Your assignment:
Take the line containing "Beach birds eye view with waves" through the last line of the data and retype those lines exactly. Pictures do not belong in the copy.

Information shown:
☆ ☆ ☆ ☆ ☆

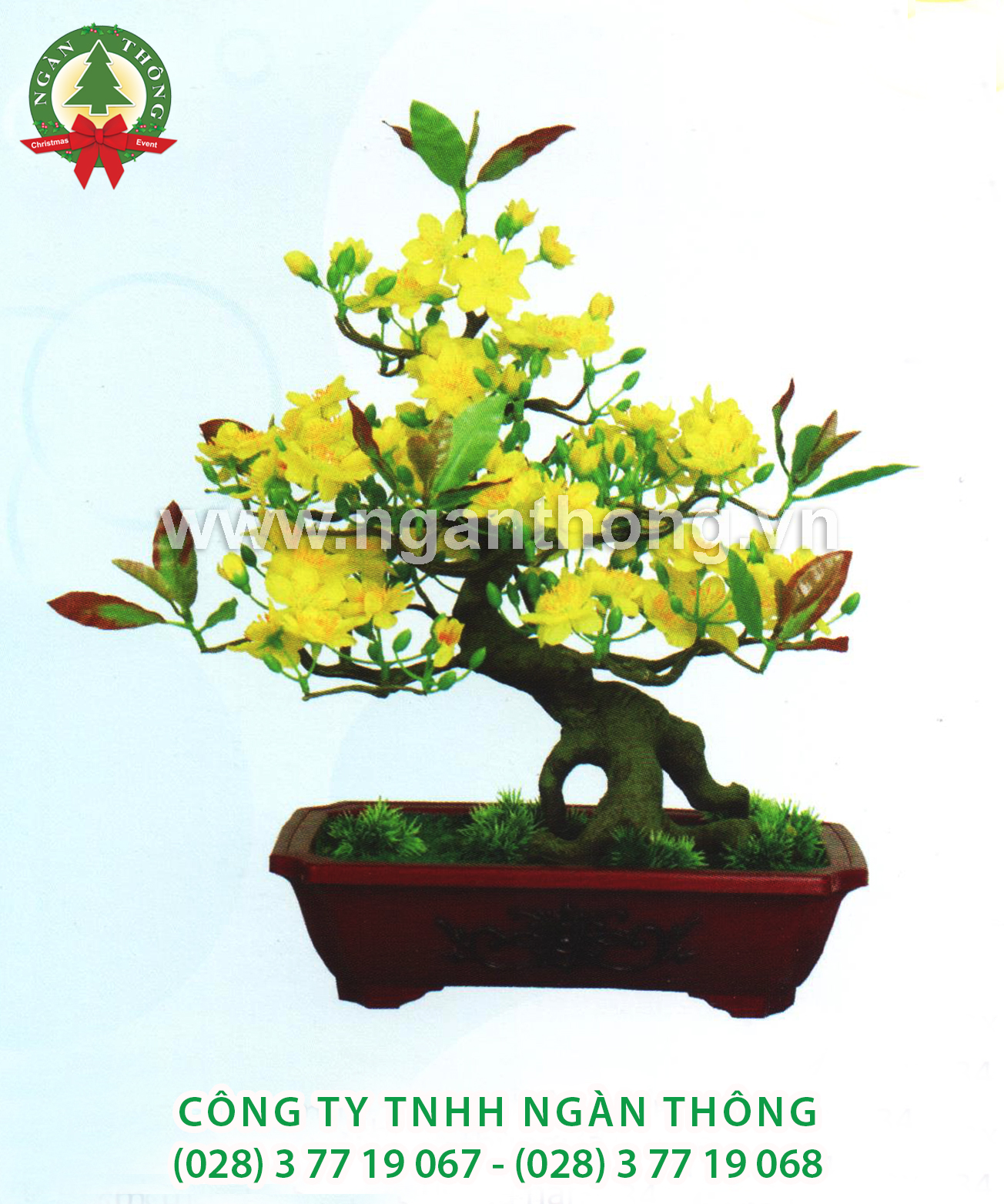 CÂY MAI BONSAI BM6 (50CM)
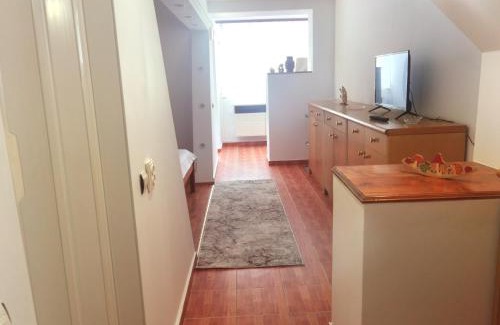 Tirgu Jiu Apartment | Garsonieră central Tg Jiu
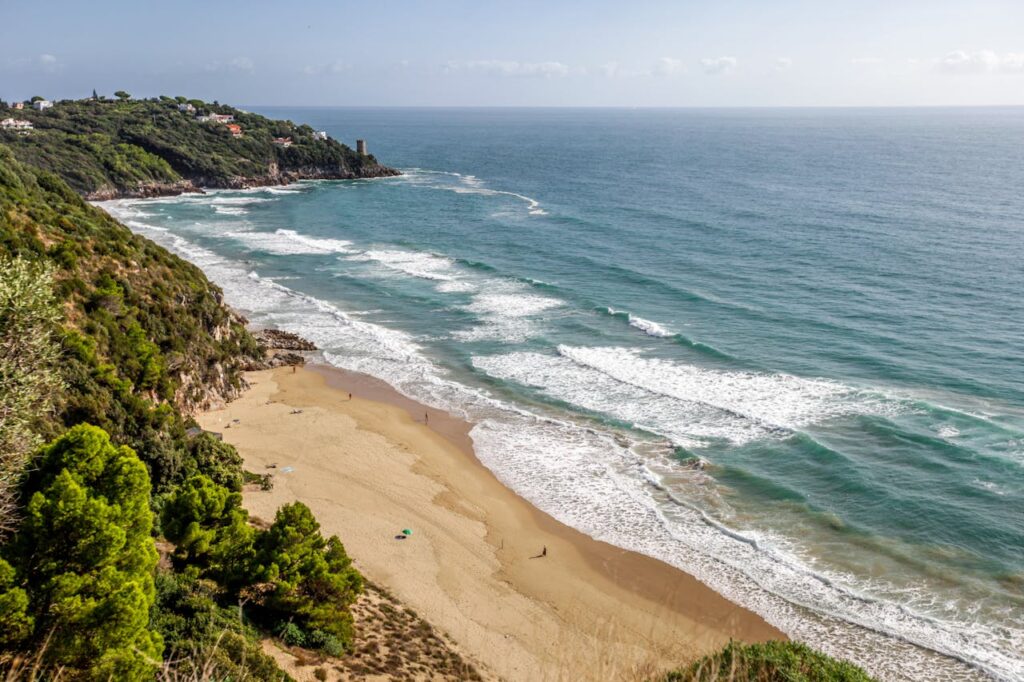Beach birds eye view with waves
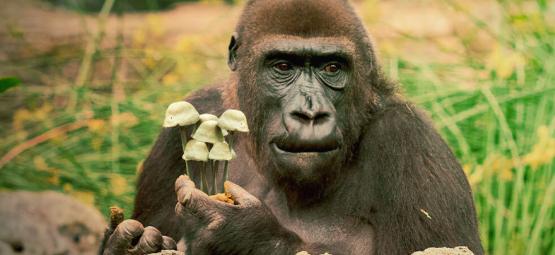Den stoned ape-teori om menneskets evolution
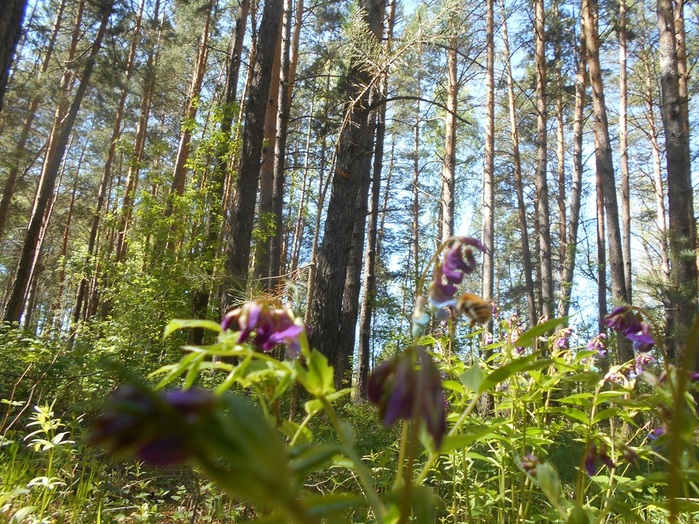 4533467_DSCN75851 (700x524, 235Kb)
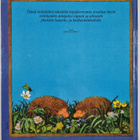 Alfred (idea) Könner : Herää siili, aurinko paistaa - pikkukuva 2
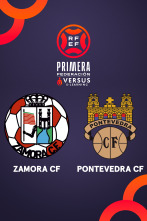 Imagen de Jornada 30: Zamora - Pontevedra - 1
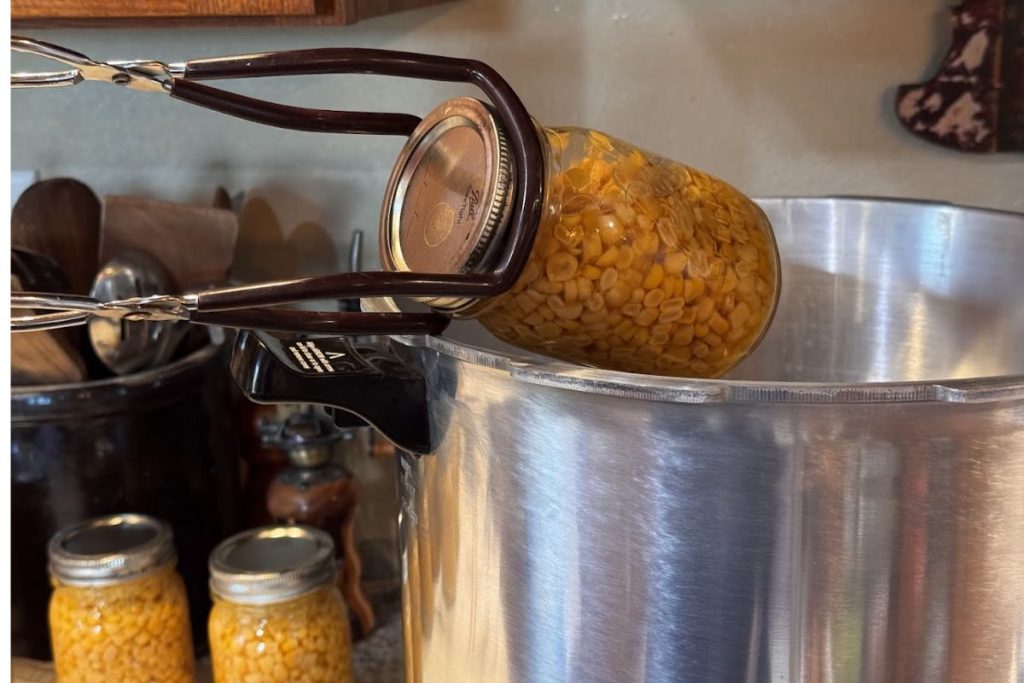 Pressure canning sweet corn from our garden, a great way to preserve the garden harvest for the coming year.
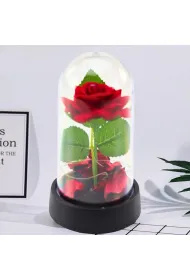 Wieczna R�a w Kopule z O�wietleniem LED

☆ ☆ ☆ ☆ ☆

The completed task:
Beach birds eye view with waves
Den stoned ape-teori om menneskets evolution
 4533467_DSCN75851 (700x524, 235Kb)
 Alfred (idea) Könner : Herää siili, aurinko paistaa - pikkukuva 2
 Imagen de Jornada 30: Zamora - Pontevedra - 1
 Pressure canning sweet corn from our garden, a great way to preserve the garden harvest for the coming year.
 Wieczna R�a w Kopule z O�wietleniem LED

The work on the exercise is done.